Через много лет после премьеры «Дней Турбиных» спектакль увидел военный атташе германского посольства в Москве в предвоенные годы генерал-майор Эрнст Кестринг. К концу войны он дослужился до генерала от кавалерии, командовал Восточными войсками, в которые входила и Русская освободительная армия А.А. Власова, был отпущен из американского плена уже в 1946 году и мирно скончался в 1953 году. Свидетельствует присутствовавший вместе с Кестринг в театре немецкий дипломат Ганс фон Херварт: «В одной из сцен пьесы требовалось эвакуировать гетмана Украины Скоропадского, чтобы он не попал в руки наступавшей Красной Армии. С целью скрыть его личность его переодели в немецкую форму и унесли на носилках под наблюдением немецкого майора. В то время как украинского лидера переправляли подобным образом, немецкий майор на сцене говорил: «Чистая немецкая работа», – все с очень сильным немецким акцентом. Так вот, именно Кестринг был тем майором, который был приставлен к Скоропадскому во время описываемых в пьесе событий. Когда он увидел спектакль, он решительно запротестовал против того, что актер произносил эти слова с немецким акцентом, поскольку он, Кестринг, говорил по-русски совершенно свободно. Он обратился с жалобой к директору театра. Однако, вопреки негодованию Кестринга, исполнение оставалось тем же.
Конечно, десятилетия спустя Херварт, очевидно, перепутал детали. В сценической редакции «Дней Турбиных», в отличие от романа, эвакуацией гетмана руководит не майор, а генерал фон Шратт (хотя вместе с ним действует и майор фон Дуст), а фразу насчет «чистой немецкой работы», естественно, говорят не сами немцы, а Шервинский. Но в целом, думается, можно дипломату верить: похожий инцидент на самом деле имел место. Уроженец России Кестринг (он родился в 1876 году в имении отца Серебряные Пруды в Тульской губернии, окончил Михайловское артиллерийское училище и уехал в Германию только накануне Первой мировой войны) действительно говорил по-русски без какого-либо акцента и действительно находился в составе германской военной миссии при гетмане Скоропадском. Но Булгаков этого знать, естественно, не мог. Однако, похоже, он это предугадал. Дело в том, что булгаковский Шратт говорит по-русски то с сильным акцентом, то совершенно чисто и скорее всего акцент нужен ему только для того чтобы поскорее закончить разговор с гетманом, безуспешно добивающимся германской военной поддержки.

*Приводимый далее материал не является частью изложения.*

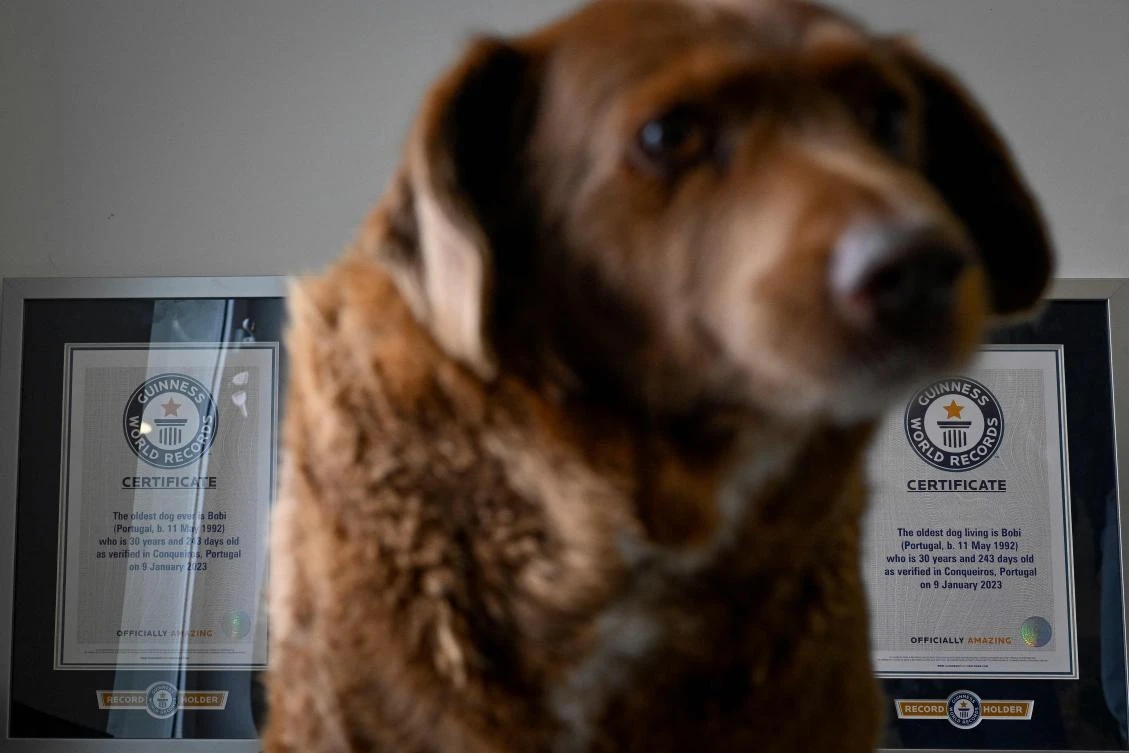 World’s oldest dog Bobi, 30, is also one of the luckiest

В пьесе по сравнению с романом образ гетмана был значительно расширен и шаржирован. Булгаков вдоволь поиздевался над попытками гетмана ввести в армии и на госслужбе украинский язык, которым тот сам толком не владел. Показал он и склонность гетмана к позерству и болтовне. Павел Петрович Скоропадский был храбрым генералом, заслужившим в Первую мировую войну Георгиевское оружие и орден Св. Георгия 4-й степени, но совершенно ничего не смыслил в политике, что вылилось в трагедию как для украинского народа, так и для русского офицерства. В характеристике гетмана Булгаков опирался не только на собственные впечатления от личности и политики гетмана, но и на воспоминания хорошо знавших Скоропадского мемуаристов. Так, уже в 1921 году журналист Александр Иванович Маляревский (как военный корреспондент «Русского Слова» подписывавшийся: А. Сумской) опубликовал книгу о Скоропадском под красноречивым названием «Диктатор трепетный и робкий». Маляревский как военный корреспондент две недели провел вместе со Скоропадским во время войны и вынес от будущего гетмана самое благоприятное впечатление. Но оно резко переменилось, когда они вновь встретились в Киеве. Маляревский, ставший руководителем бюро печати, неоднократно приглашался Скоропадским к обеду и несколько раз имел возможность беседовать с ним на политические темы. В его книге мы находим и источник речи Алексея Турбина, обличающего гетмана за его нежелание формировать русскую армию: «Приглядываясь к лицам, окружающим Скоропадского, я сразу установил, что большинство их были чисто pyccкиe граждане, без всякого оттенка украинства, и что настоящая цитадель украинства помещалась лишь в кабинете Полтавца, назначенного генеральным писарем, хранителем государственной печати, – скорее почетная, чем административная должность.
Понемногу мне стало совершенно ясно, что благосклонная судьба послала русской буржуазии, интеллигенции и всем не сочувствующим большевистскому перевороту передышку для того чтобы сдать экзамен или переэкзаменовку на право существования в оазисе, охраняемом чужими войсками и возглавляемом временным диктатором. Правда, при одном условии – перекраситься на время в украинские цвета.